## EXERCISE
Transcribe the listing below only from the line with "John Kuhn autographed" up to and including the line with "Fassianos-T-shirt med porträtt".

## SUPPLIED RECORDS
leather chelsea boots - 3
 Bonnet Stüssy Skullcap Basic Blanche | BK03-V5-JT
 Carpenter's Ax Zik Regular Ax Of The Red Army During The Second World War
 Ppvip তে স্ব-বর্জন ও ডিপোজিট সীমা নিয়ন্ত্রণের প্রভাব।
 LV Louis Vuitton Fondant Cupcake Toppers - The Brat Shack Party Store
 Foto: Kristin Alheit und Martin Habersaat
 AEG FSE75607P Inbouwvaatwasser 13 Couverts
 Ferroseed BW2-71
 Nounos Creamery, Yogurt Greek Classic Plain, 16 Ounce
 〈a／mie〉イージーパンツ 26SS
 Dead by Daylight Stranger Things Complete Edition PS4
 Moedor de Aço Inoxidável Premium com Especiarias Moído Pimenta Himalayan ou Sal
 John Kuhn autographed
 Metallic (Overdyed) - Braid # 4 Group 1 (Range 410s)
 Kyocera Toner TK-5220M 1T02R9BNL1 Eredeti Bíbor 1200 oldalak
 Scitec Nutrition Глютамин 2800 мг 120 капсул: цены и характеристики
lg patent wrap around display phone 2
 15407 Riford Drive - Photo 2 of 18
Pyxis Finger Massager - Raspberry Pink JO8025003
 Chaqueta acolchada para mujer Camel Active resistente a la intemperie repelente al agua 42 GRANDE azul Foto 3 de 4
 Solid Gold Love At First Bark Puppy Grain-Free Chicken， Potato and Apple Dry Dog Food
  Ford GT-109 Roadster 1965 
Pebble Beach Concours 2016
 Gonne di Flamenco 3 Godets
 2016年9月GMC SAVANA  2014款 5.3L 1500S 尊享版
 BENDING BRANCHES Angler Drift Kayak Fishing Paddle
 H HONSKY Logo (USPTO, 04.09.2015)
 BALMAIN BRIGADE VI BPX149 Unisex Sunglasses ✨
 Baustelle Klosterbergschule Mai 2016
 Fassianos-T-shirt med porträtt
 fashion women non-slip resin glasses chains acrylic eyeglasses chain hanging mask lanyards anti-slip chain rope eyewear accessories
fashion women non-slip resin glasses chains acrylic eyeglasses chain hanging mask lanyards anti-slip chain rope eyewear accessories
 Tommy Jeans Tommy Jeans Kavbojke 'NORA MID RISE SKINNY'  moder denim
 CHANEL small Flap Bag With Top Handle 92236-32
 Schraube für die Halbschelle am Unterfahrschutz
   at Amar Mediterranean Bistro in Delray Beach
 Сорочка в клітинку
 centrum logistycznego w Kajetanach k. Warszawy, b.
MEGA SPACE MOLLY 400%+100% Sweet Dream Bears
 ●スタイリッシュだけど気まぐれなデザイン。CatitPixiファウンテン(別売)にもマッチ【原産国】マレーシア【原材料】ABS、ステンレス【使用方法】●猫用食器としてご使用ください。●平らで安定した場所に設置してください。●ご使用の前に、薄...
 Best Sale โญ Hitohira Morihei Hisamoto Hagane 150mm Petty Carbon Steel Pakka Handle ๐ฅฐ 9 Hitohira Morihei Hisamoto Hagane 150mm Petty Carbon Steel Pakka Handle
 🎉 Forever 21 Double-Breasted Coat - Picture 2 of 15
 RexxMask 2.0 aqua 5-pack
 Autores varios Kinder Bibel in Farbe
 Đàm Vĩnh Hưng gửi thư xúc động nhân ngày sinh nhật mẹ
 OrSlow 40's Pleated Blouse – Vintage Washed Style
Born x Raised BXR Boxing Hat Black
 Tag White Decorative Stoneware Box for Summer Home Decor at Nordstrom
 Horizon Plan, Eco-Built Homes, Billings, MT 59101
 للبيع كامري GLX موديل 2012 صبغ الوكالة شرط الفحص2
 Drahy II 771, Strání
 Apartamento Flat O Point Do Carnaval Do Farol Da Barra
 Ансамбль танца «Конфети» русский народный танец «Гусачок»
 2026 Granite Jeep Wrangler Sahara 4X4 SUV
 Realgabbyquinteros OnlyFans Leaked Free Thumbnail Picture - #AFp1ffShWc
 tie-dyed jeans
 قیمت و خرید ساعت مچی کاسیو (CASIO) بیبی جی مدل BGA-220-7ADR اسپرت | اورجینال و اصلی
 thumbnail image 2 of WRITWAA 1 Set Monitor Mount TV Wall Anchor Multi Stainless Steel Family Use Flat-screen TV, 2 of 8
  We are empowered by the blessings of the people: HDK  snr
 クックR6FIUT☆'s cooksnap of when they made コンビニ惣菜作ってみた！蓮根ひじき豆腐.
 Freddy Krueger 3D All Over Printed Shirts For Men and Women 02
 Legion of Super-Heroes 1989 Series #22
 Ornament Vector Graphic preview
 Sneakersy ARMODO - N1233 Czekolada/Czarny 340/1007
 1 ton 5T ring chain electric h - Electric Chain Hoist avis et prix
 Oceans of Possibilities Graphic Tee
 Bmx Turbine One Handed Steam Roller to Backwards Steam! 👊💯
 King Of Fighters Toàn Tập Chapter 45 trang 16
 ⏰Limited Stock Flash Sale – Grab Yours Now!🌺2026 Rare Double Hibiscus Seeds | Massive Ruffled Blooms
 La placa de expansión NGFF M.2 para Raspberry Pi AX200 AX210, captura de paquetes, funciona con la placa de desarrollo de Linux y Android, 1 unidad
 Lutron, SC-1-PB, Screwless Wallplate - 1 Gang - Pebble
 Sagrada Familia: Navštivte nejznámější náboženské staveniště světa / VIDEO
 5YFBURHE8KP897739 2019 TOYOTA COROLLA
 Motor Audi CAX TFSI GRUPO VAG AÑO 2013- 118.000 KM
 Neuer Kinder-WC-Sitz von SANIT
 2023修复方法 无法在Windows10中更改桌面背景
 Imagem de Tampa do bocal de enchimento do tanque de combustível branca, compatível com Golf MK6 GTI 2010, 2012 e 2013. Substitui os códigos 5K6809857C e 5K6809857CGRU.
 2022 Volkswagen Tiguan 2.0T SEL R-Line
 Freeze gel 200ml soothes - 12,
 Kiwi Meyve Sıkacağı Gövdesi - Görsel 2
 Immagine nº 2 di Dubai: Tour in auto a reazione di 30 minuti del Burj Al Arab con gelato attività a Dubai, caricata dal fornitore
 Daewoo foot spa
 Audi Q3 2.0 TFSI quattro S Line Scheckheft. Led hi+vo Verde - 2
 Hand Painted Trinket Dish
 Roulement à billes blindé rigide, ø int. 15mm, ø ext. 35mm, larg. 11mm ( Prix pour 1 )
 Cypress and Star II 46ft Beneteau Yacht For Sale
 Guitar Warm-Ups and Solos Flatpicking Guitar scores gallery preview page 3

## EXERCISE OUTPUT
 John Kuhn autographed
 Metallic (Overdyed) - Braid # 4 Group 1 (Range 410s)
 Kyocera Toner TK-5220M 1T02R9BNL1 Eredeti Bíbor 1200 oldalak
 Scitec Nutrition Глютамин 2800 мг 120 капсул: цены и характеристики
lg patent wrap around display phone 2
 15407 Riford Drive - Photo 2 of 18
Pyxis Finger Massager - Raspberry Pink JO8025003
 Chaqueta acolchada para mujer Camel Active resistente a la intemperie repelente al agua 42 GRANDE azul Foto 3 de 4
 Solid Gold Love At First Bark Puppy Grain-Free Chicken， Potato and Apple Dry Dog Food
  Ford GT-109 Roadster 1965 
Pebble Beach Concours 2016
 Gonne di Flamenco 3 Godets
 2016年9月GMC SAVANA  2014款 5.3L 1500S 尊享版
 BENDING BRANCHES Angler Drift Kayak Fishing Paddle
 H HONSKY Logo (USPTO, 04.09.2015)
 BALMAIN BRIGADE VI BPX149 Unisex Sunglasses ✨
 Baustelle Klosterbergschule Mai 2016
 Fassianos-T-shirt med porträtt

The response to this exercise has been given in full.